Let $E_\alpha$ be a family of complete topological vector spaces over $\Bbb K=\Bbb R\hbox{ or }\Bbb C$ for all $\alpha\in A$, that is to say, any Cauchy net is convergent. Then Helmut Shaefer claims in his book Topological Vector Spaces that $E:=\prod_{\alpha\in A}E_\alpha$ endowed with the box topology must then be complete (as a topological abelian group, since it is generally not a topological vector space). However, while this is easy for the product topology, I'm having difficulty proving that in this case, the different $\alpha$-terms converge sufficiently "uniformly".

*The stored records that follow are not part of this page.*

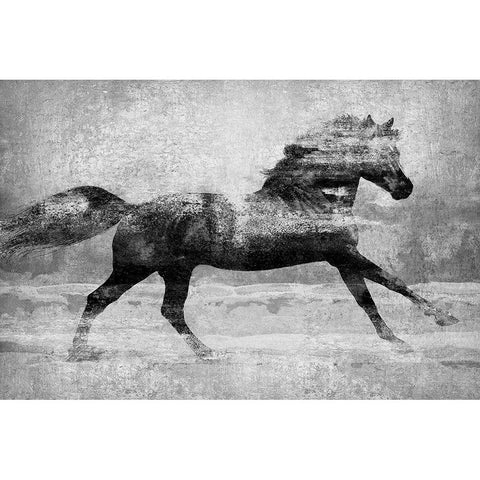 Running Horse Silver Black Modern Wood Framed Art Print with Double Matting by Blake, Madeline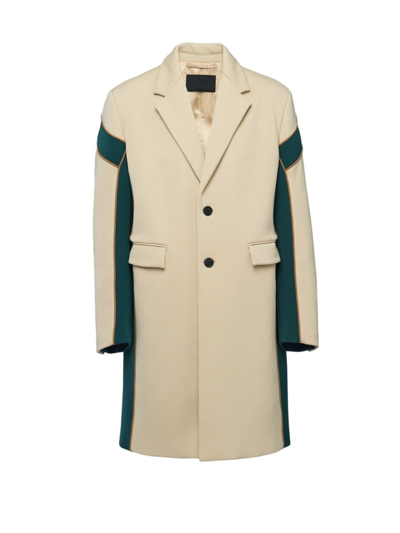 Prada Single-breasted Coat In Beige Khaki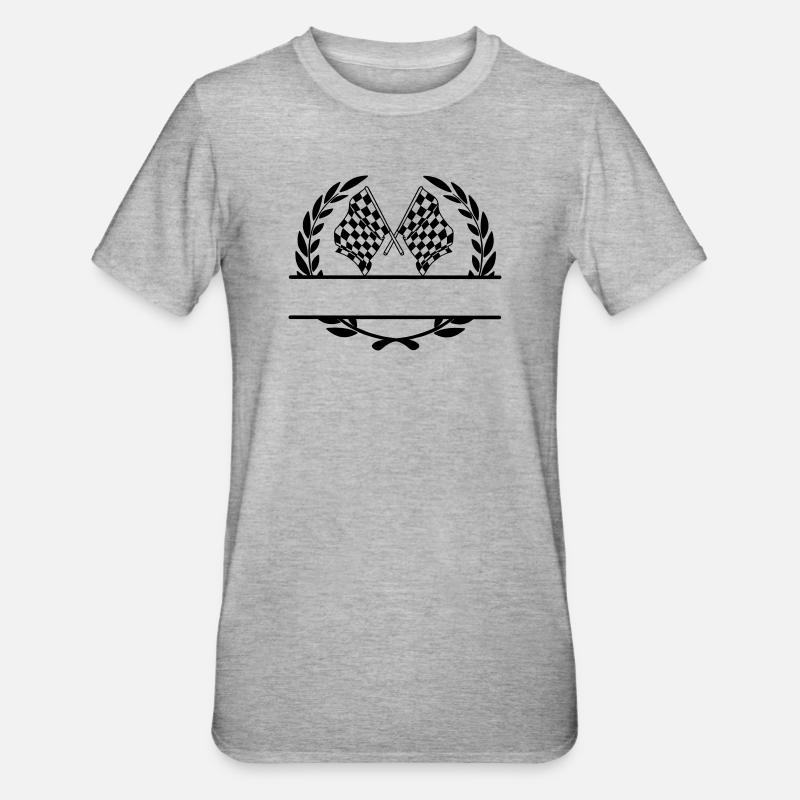 Drapeau de course dans une couronne de laurier - T-shirt polycoton Unisexe - gris chiné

More precisely, if we let $x^\lambda=(x_\alpha^\lambda)_{\alpha\in A}\subset\prod_{\alpha\in A}E_\alpha$ for all $\lambda\in\Lambda$ where $\Lambda$ is a directed poset, then if $(x^\lambda)_{\lambda\in\Lambda}\subset\prod_\alpha E_\alpha$ is Cauchy, then so is $(x_\alpha^\lambda)_\lambda\subset E_\alpha$ and therefore $(x^\lambda)_\lambda$ must converge pointwise to some $x\in\prod_\alpha E_\alpha$. Unfortunately, I'm not seeing precisely how to use the Cauchy criterion and the box topology to prove convergence in the box topology.
Let $U = \prod_{\alpha} U_{\alpha}$ a neighbourhood of $0$. For each $\alpha$, choose a symmetric neighbourhood $V_{\alpha}$ of $0$ in $E_{\alpha}$ such that $V_{\alpha} + V_{\alpha} \subset U_{\alpha}$. Let $V = \prod_{\alpha} V_{\alpha}$. Since $x^{\lambda}$ is a Cauchy net, there is a $\lambda_0$ such that for all $\alpha$ we have $x^{\lambda}_{\alpha} - x^{\mu}_{\alpha} \in V_{\alpha}$ for all $\lambda, \mu \geqslant \lambda_0$. Since $x^{\lambda}_{\alpha} \to x_{\alpha}$ it follows that $x_{\alpha} - x^{\mu}_{\alpha} \in \overline{V_{\alpha}} \subset U_{\alpha}$ for all $\alpha$ and all $\mu \geqslant \lambda_0$. But that means $x - x^{\mu} \in U$ for all $\mu \geqslant \lambda_0$.